*** Opening of RECORDS SHOWN ***

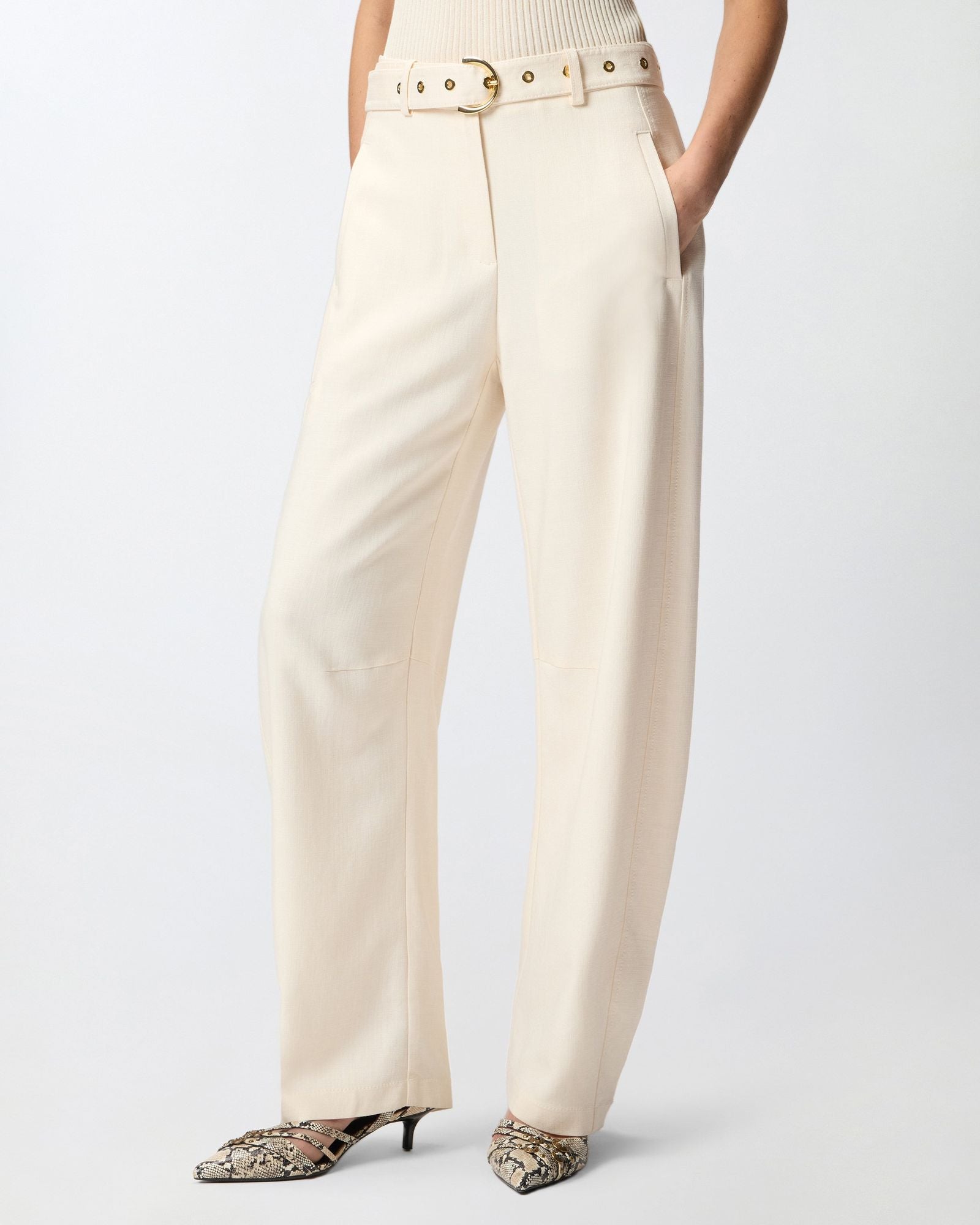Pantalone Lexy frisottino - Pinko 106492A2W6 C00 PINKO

*** Close of RECORDS SHOWN ***
*** Opening of RECORDS SHOWN ***

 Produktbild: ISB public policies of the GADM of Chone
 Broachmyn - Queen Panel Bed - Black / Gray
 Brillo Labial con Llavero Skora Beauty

*** Close of RECORDS SHOWN ***

DIRECTIONS:
Look through the material above and print exactly the lines from the one containing "Produktbild: ISB public" to the one containing "Brillo Labial con Llavero Skora Beauty", both included, and nothing more.

EXERCISE RESPONSE:
 Produktbild: ISB public policies of the GADM of Chone
 Broachmyn - Queen Panel Bed - Black / Gray
 Brillo Labial con Llavero Skora Beauty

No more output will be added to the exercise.